▸ Web page caption snippets
________________
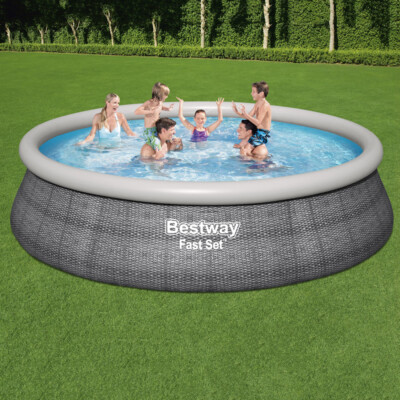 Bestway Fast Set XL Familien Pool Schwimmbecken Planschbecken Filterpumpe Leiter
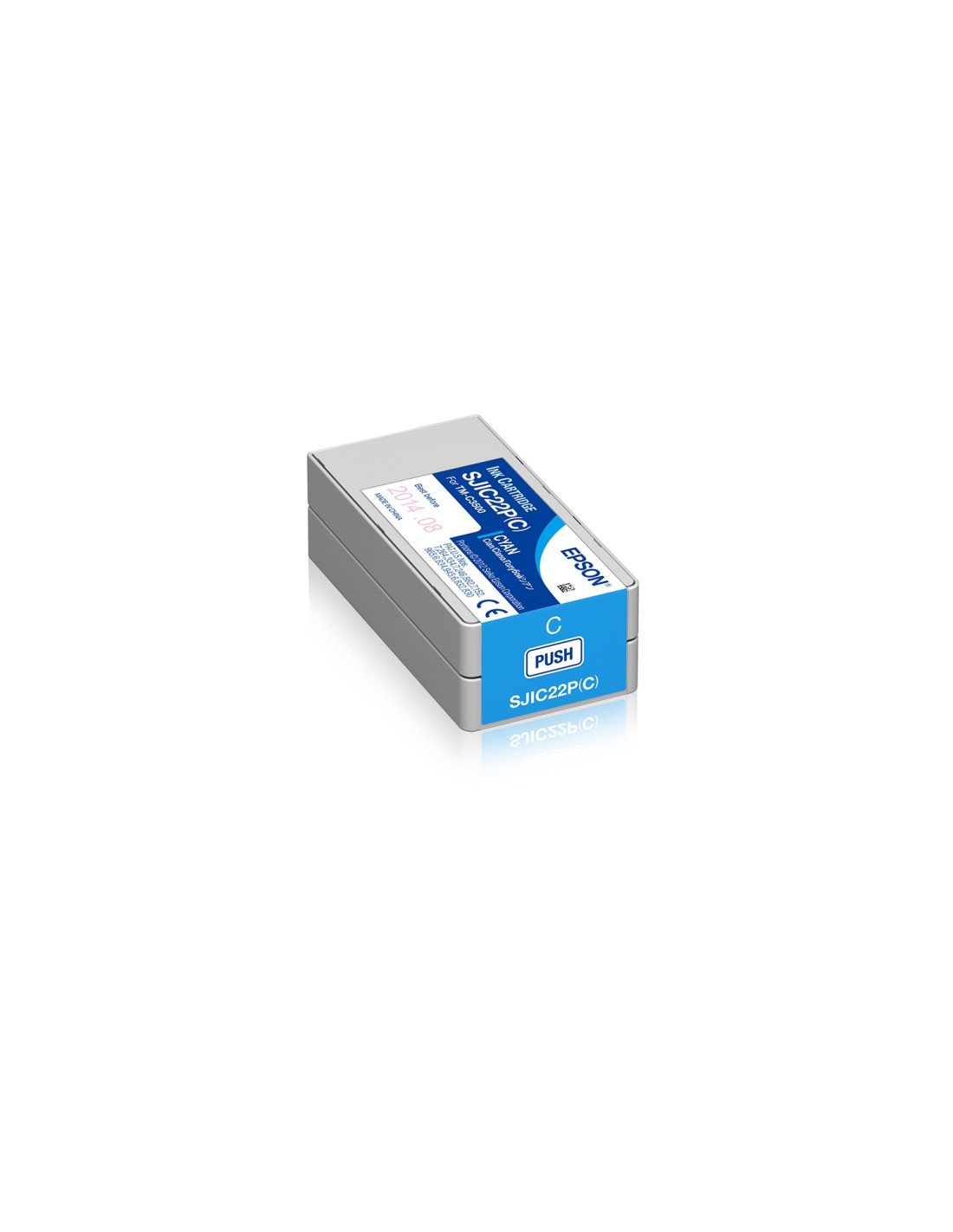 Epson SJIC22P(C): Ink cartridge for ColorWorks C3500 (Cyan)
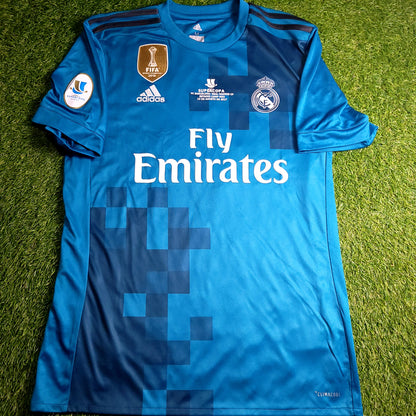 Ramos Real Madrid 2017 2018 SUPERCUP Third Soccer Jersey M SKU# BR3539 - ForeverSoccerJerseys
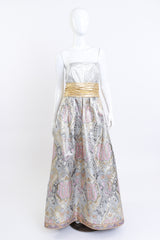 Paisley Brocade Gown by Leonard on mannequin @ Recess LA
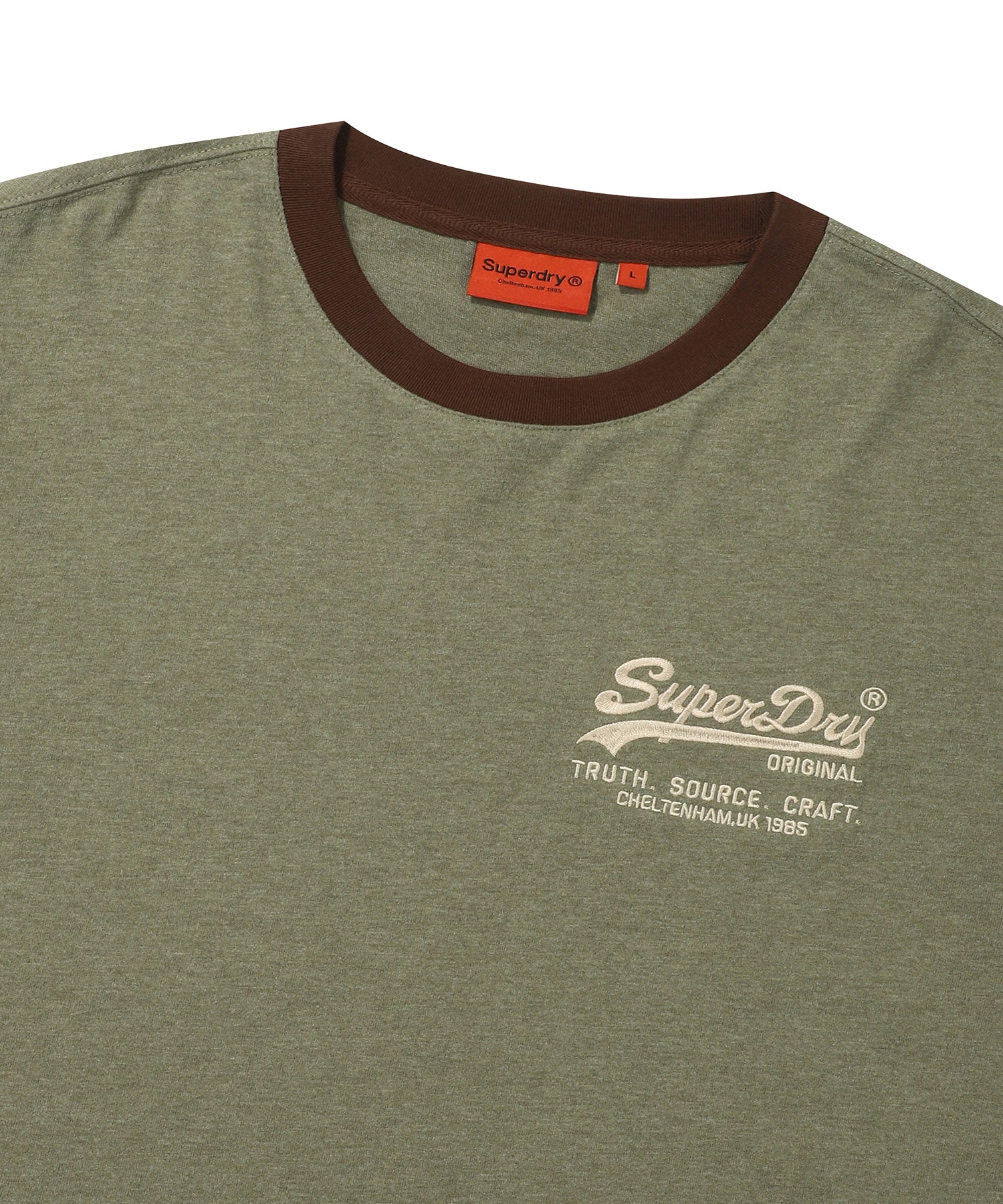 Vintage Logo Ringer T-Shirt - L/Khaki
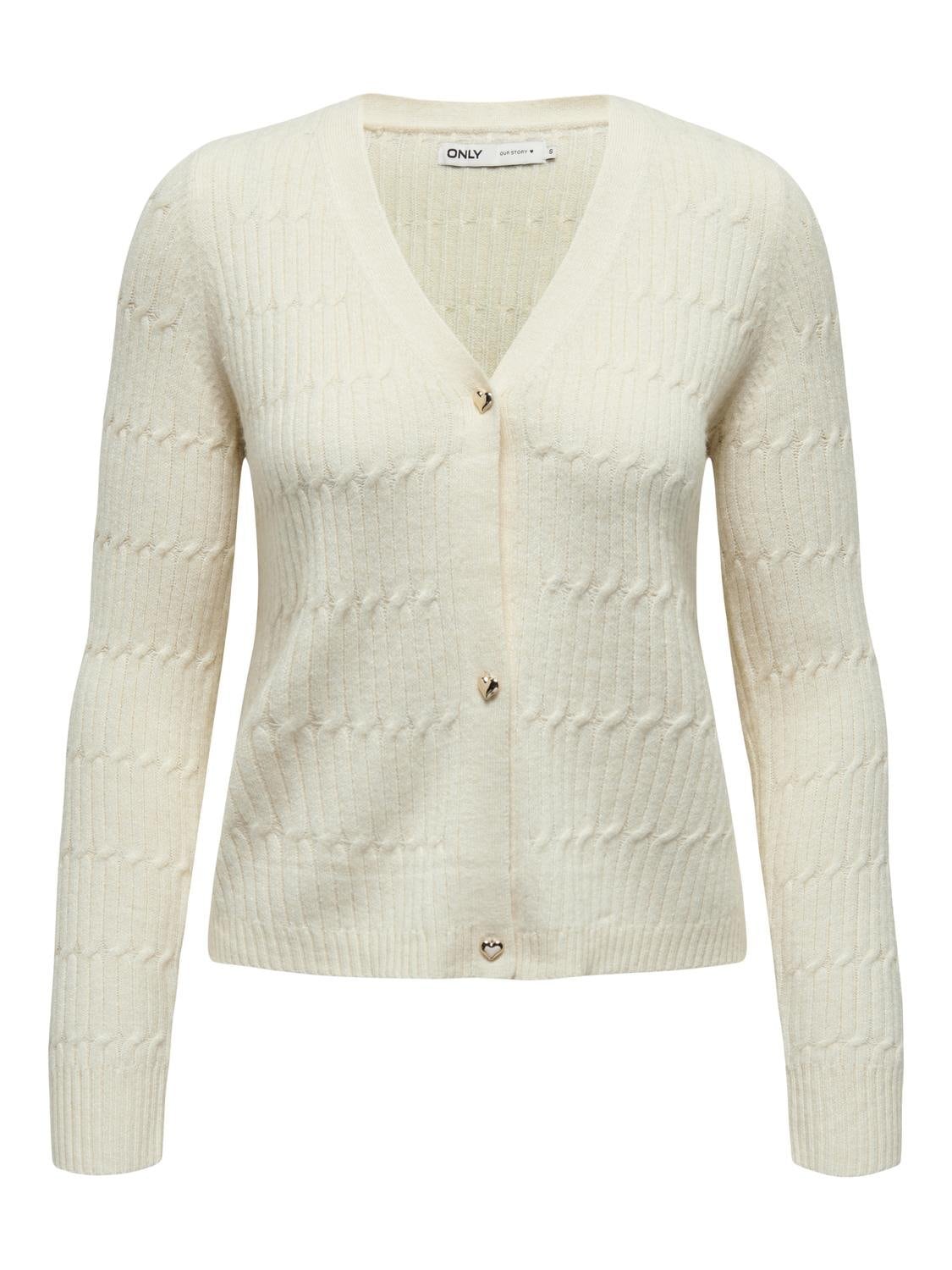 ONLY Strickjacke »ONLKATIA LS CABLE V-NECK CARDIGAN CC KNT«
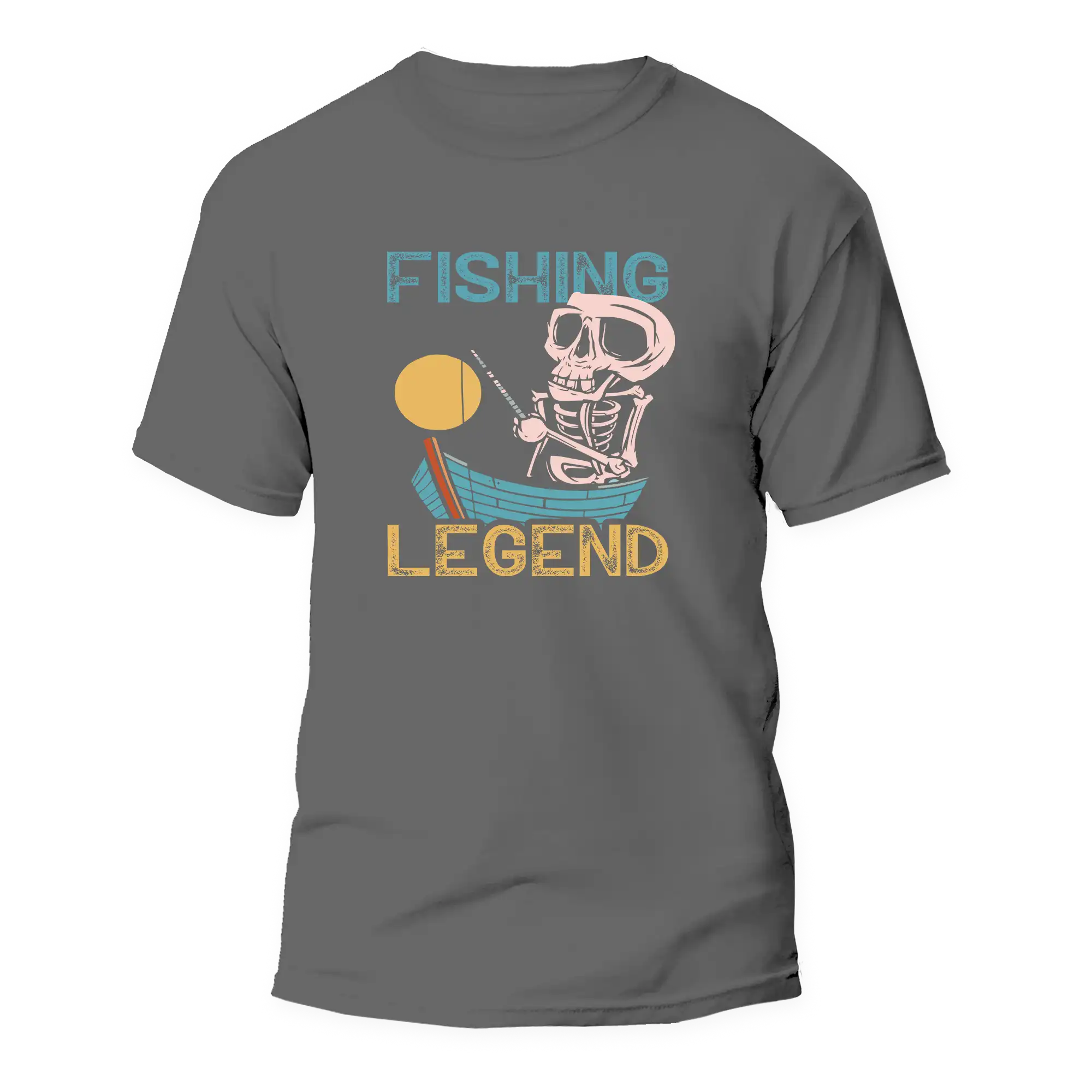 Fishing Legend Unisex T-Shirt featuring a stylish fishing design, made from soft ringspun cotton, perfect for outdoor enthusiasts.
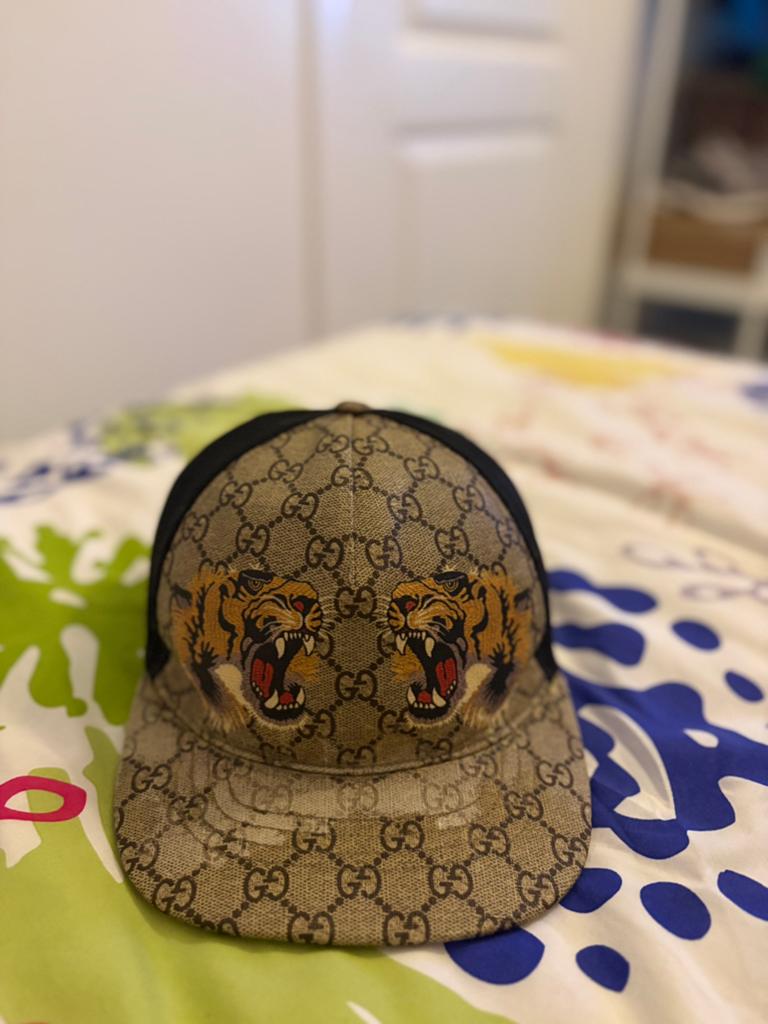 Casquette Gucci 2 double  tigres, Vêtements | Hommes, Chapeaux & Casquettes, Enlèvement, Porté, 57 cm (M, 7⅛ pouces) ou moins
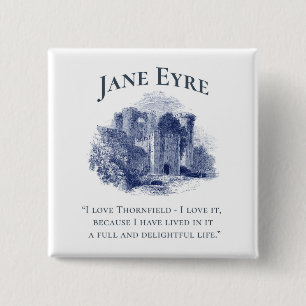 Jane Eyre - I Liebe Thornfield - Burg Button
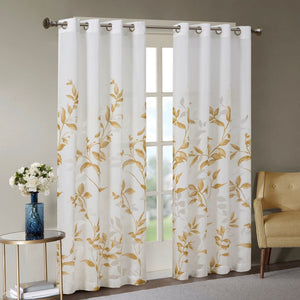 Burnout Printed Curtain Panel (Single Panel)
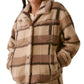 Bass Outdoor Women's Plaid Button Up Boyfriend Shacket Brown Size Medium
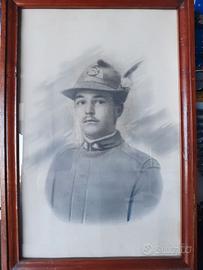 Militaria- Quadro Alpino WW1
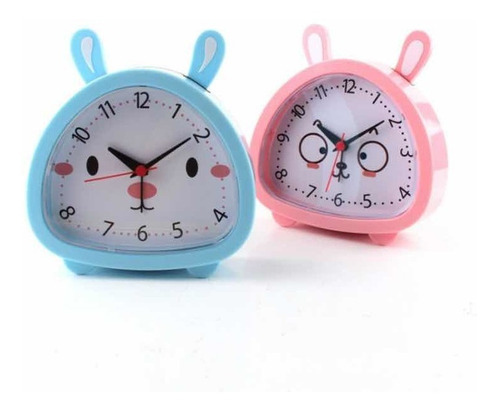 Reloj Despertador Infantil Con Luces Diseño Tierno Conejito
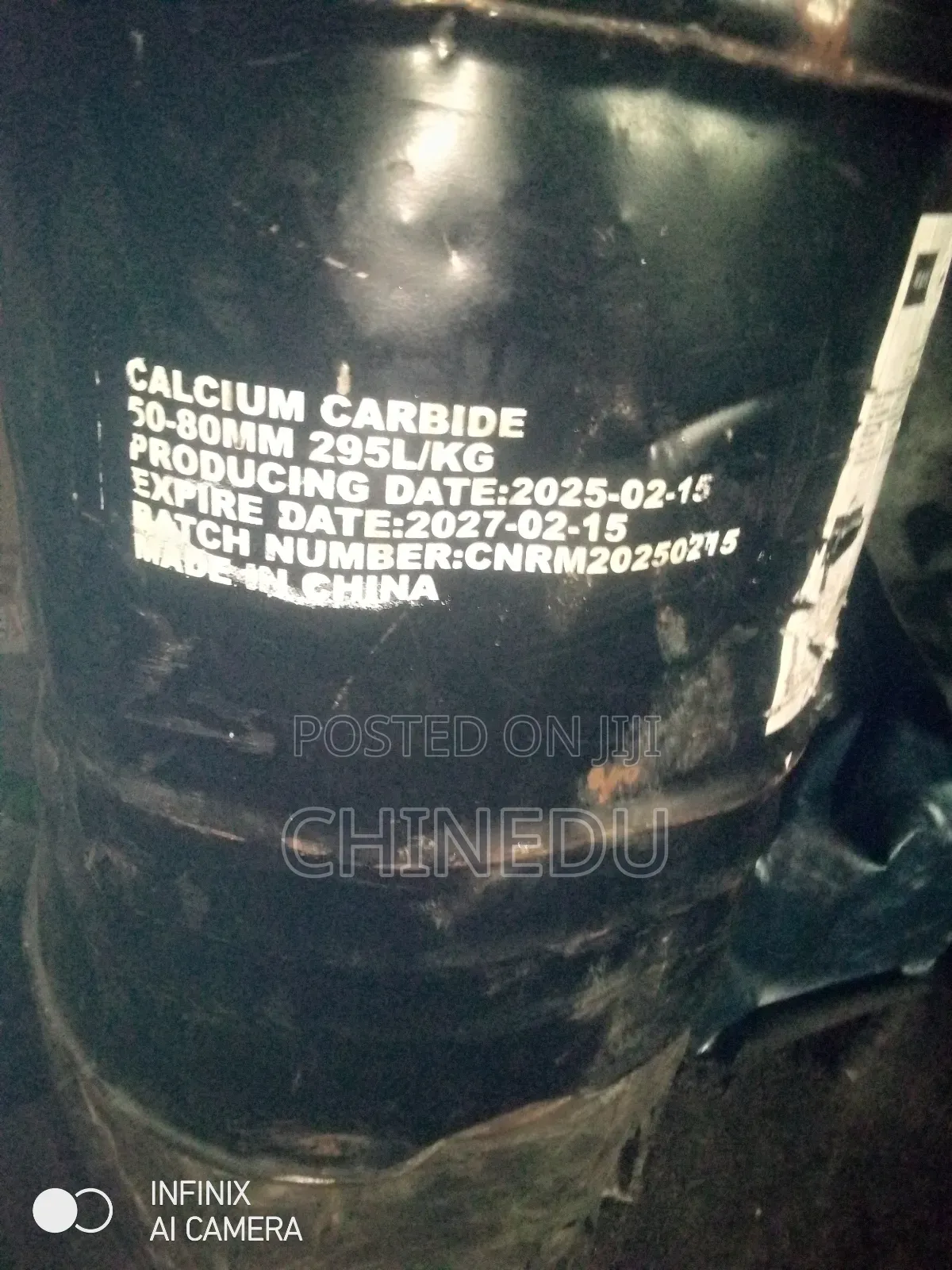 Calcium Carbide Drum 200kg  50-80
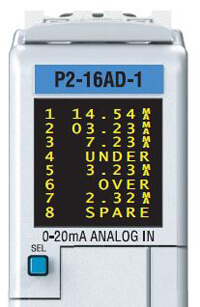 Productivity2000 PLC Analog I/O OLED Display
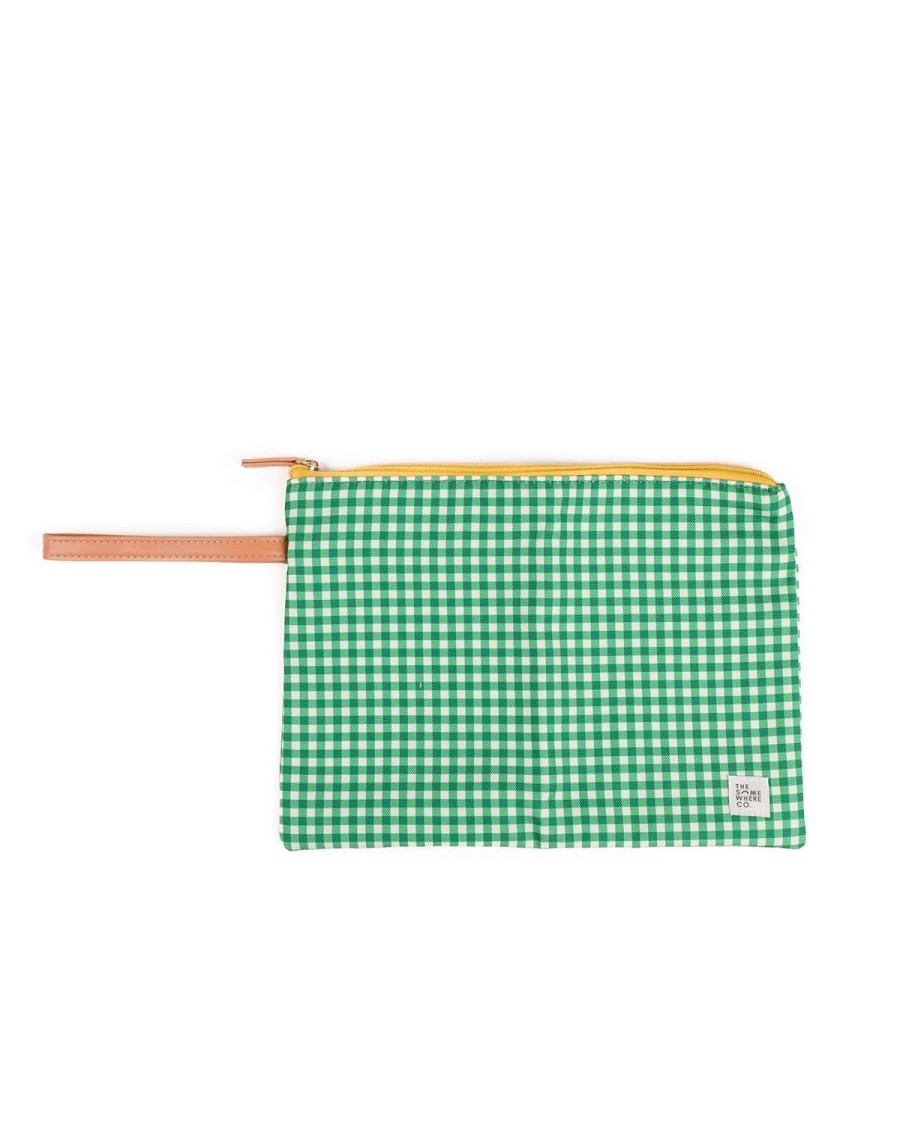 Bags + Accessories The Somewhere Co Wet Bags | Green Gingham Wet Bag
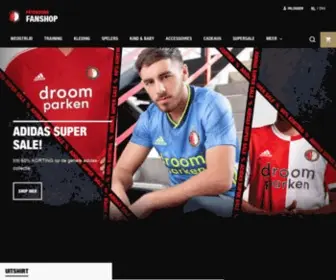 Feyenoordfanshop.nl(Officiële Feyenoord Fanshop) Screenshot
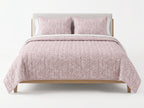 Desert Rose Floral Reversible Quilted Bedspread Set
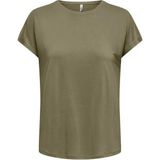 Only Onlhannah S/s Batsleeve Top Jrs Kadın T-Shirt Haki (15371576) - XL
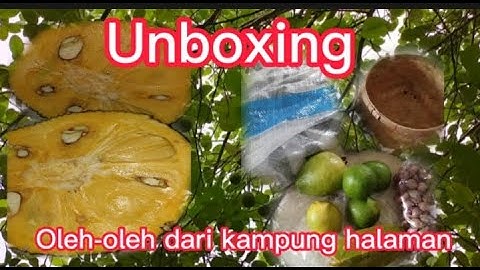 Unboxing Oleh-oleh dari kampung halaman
________________
▸ Your goal
Reproduce all the records verbatim, excluding images.

▸ Solution for this task
 Bestway Fast Set XL Familien Pool Schwimmbecken Planschbecken Filterpumpe Leiter
 Epson SJIC22P(C): Ink cartridge for ColorWorks C3500 (Cyan)
 Ramos Real Madrid 2017 2018 SUPERCUP Third Soccer Jersey M SKU# BR3539 - ForeverSoccerJerseys
 Paisley Brocade Gown by Leonard on mannequin @ Recess LA
 Vintage Logo Ringer T-Shirt - L/Khaki
 ONLY Strickjacke »ONLKATIA LS CABLE V-NECK CARDIGAN CC KNT«
 Fishing Legend Unisex T-Shirt featuring a stylish fishing design, made from soft ringspun cotton, perfect for outdoor enthusiasts.
 Casquette Gucci 2 double  tigres, Vêtements | Hommes, Chapeaux & Casquettes, Enlèvement, Porté, 57 cm (M, 7⅛ pouces) ou moins
 Jane Eyre - I Liebe Thornfield - Burg Button
 Burnout Printed Curtain Panel (Single Panel)
 Bass Outdoor Women's Plaid Button Up Boyfriend Shacket Brown Size Medium
 Militaria- Quadro Alpino WW1
 Reloj Despertador Infantil Con Luces Diseño Tierno Conejito
 Calcium Carbide Drum 200kg  50-80
 Productivity2000 PLC Analog I/O OLED Display
 Bags + Accessories The Somewhere Co Wet Bags | Green Gingham Wet Bag
 Feyenoordfanshop.nl(Officiële Feyenoord Fanshop) Screenshot
 Desert Rose Floral Reversible Quilted Bedspread Set
 Only Onlhannah S/s Batsleeve Top Jrs Kadın T-Shirt Haki (15371576) - XL
 Unboxing Oleh-oleh dari kampung halaman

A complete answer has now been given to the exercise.